Reduce, Reuse, Recycle!
Reduce, Reuse, Recycle!
Like automatons we can chant out this slogan when asked what we can for environmental good, so successfully ingrained is the motto believed to date back to the first Earth Day on April 22nd, 1970. For many of us, the chanting is accompanied by visions of blue boxes and the logo with 3 arrows.
Is this good, or bad?
It is of course good that the solution for reducing waste is so well known. That the solution can be captured in just 3 words also certainly makes the point that it’s pretty simple to live more sustainably.
Except, something got lost along the way.
It is not Reduce, Reuse, Recycle.
It is REDUCE –> Reuse –> Recycle. The 3R slogan was born as the “waste hierarchy”. The 3 actions are not equal. “Reduce” is far, far more important than “Reuse” and the least impactful of the 3Rs is “Recycle”.
To use the case of the plastic water bottle to emphasize this, yes, you can recycle the bloody thing so it is not part of the legacy of plastics drifting and seeping around the planet BUT it shouldn’t even exist in the first place (at least in the developed world.) The tap water on northern Vancouver Island is of very high quality and by using it, you avoid the chemical and energy cost of the bottle being made, transported and . . . recycled. If you have more urban tap-water, filtering can solve the issue of any taste you may not enjoy.
Having the great privilege of working with children to help them feel empowered in a world with a lot of environmental gloom, I’ve polled them to find out what they believe to be the most important “R”. Almost always, the answer is “Recycle”.
Oops. This isn’t good. This really isn’t good. The shiny, most powerful, most hope-inspiring gem of environmental change has been misidentified. Striving to “Reduce” consumption of resources is the most powerful tool against all environmental problems; from waste management, to bioaccumulation and climate change. It is also the “R” that will give you the greatest bang for your buck – a buck you can cash in at the bank of happiness. Less misspent cash on disposable, nondurable and frivolous items and less wasted energy and other resources, means greater freedom from the consumer paradigm and a greater sense of hope for the future.

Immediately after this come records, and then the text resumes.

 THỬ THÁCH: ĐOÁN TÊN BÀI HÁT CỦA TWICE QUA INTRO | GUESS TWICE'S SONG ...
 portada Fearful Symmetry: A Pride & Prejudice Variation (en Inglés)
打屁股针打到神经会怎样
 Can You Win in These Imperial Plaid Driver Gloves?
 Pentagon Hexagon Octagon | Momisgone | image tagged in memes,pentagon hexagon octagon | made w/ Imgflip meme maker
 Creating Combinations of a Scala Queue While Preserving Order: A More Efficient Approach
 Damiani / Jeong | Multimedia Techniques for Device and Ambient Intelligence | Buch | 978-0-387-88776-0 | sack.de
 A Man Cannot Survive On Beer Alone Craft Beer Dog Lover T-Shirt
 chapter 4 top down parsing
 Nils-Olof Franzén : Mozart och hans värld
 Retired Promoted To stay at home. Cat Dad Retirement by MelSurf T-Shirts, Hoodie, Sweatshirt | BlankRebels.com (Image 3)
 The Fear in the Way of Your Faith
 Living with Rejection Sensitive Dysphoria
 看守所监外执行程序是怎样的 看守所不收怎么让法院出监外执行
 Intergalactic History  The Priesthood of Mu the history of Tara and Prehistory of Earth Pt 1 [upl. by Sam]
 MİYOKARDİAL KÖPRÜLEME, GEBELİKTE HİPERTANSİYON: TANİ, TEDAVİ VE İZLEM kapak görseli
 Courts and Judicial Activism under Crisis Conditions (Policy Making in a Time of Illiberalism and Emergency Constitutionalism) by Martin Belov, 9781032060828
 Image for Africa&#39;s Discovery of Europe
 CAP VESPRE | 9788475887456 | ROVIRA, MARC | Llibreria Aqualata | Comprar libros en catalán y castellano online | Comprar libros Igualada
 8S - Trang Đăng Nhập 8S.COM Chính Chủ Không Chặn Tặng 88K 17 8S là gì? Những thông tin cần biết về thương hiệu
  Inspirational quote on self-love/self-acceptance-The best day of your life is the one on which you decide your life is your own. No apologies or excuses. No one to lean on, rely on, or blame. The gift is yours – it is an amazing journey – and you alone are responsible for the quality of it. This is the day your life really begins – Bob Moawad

How is that the most powerful “R” has become misidentified and that the whole concept of the 3R hierarchy has become lost? Is it because recycling is something tangible where it is difficult to visualize the action of “reducing”? I would argue that this should not be the case.
“Reducing” should be the great green common denominator.
To use some examples applicable to teaching: we are leaving half the lights off in the classroom to use LESS energy; please use the paper in the recycling bin so we use LESS paper; close the door so we waste LESS heat; and how wonderful that you are using a reusable container for your lunch so there are LESS baggies bulging from school garbage cans and swirling around school yards. You get the idea.
Is it then because recycling allows us to have our plastic wrapped cake and eat it too? Certainly this is how the oh-so-powerful and oppressive consumer paradigm wishes to manipulate us i.e. “We’ll green-up making you feel less consumer guilt, but you’ve got to keep buying in the volume to which we’ve become accustomed”.
Or, are there many of us that don’t really believe how essential it is to get our act together for future generations and that by recycling we deliver an act of appeasement, just in case?
If you have read this far, thank you, for you are a significant player in creating positive environmental change. That’s the irony of writing an item such as this – it won’t reach the audience that needs to change the most; those who do not even recycle.
You care enough to want to refine what it is you already do.
Know that this is not about being perfect. It is about ensuring that our efforts have the greatest net gain and that we recognize the power that lies in “Reduce”.
Simply stated, less is more – more positive impact; more financial liberty; and more empowered, shiny-eyed, happy and healthy children in a future we cannot see.*
*Inspired by the quote “Children are the living messages we send to a time we will not see” by John W. Whitehead.